As I understand it, the forward pass for a transformer model looks as follows:
x += self_attention(x)
x = layernorm(x)
x += ffn(x)
Breaking that down a bit (excuse the hand-waving, this is meant to be illustrative):
def self_attention(x):
qkv_list = get_qkvs(x)
heads = [softmax(q @ t(v) / sqrt(d))@v for (q,k,v) in qkv_list]
concatenated_heads = concat(heads)
projected_values = concatenated_heads @ W_O # projection matrix for concatenated heads
return projected_values
and
def ffn(x):
return (relu(x @ W_1 + b1))@W_2 + b2
Perhaps I am missing something obvious, but I note that if one were to drop the layernorm in between the self-attention and FFN module, you have two linear projections in a row ($W_O$, $W_1$). $W_O$ is a costly matrix: it should be dimensions (n_head * d_head x d_embed) = (d_embed x d_embed), so contributes (n_layers * d_embed^2) parameters over the course of the network.

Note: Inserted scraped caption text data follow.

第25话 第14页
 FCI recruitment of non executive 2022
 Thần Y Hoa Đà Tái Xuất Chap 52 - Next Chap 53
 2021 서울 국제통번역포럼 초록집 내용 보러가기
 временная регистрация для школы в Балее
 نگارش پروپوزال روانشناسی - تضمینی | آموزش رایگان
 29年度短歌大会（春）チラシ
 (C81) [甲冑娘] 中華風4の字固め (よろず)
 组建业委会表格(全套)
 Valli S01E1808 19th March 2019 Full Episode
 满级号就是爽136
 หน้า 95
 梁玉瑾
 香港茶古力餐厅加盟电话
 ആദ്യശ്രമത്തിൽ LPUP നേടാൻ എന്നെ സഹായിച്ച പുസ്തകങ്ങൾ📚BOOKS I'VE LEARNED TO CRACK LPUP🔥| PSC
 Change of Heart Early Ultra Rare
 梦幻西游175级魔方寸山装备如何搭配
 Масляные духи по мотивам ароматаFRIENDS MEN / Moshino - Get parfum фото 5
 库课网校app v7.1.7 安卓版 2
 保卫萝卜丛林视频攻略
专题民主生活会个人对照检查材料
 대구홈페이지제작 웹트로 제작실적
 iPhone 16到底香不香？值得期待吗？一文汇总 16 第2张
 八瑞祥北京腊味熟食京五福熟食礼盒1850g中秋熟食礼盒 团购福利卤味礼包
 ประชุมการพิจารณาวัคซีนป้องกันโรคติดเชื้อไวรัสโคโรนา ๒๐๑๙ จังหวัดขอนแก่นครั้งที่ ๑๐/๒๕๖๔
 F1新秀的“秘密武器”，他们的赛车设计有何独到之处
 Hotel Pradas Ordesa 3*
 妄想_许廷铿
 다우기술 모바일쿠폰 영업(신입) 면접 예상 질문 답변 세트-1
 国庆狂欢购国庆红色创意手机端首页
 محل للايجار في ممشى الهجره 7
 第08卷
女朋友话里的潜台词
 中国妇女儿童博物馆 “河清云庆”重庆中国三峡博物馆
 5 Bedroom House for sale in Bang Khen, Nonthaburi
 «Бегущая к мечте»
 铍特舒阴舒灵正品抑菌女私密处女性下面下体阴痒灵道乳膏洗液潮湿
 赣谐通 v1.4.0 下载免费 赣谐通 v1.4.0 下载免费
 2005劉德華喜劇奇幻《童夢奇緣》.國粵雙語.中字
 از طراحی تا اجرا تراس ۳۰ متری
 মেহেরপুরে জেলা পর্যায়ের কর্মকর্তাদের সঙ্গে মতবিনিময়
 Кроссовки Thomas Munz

My question is: if you drop the layernorm, it appears the $W_O$ matrix would be entirely redundant, and you could save a massive amount of compute by essentially fusing these two operations into a single learned matrix (that matrix would both be mixing the streams from the different heads like $W_O$ does, and up-projecting into the FFN embedding layer like $W_1$ does). This means either:
- The layernorm is incredibly important, and I assume this has been shown somewhere empirically?
- I've missed something completely obvious about the forward pass / even if you dropped the layernorm the $W_O$ matrix is not redundant for some reason
Would love to be corrected!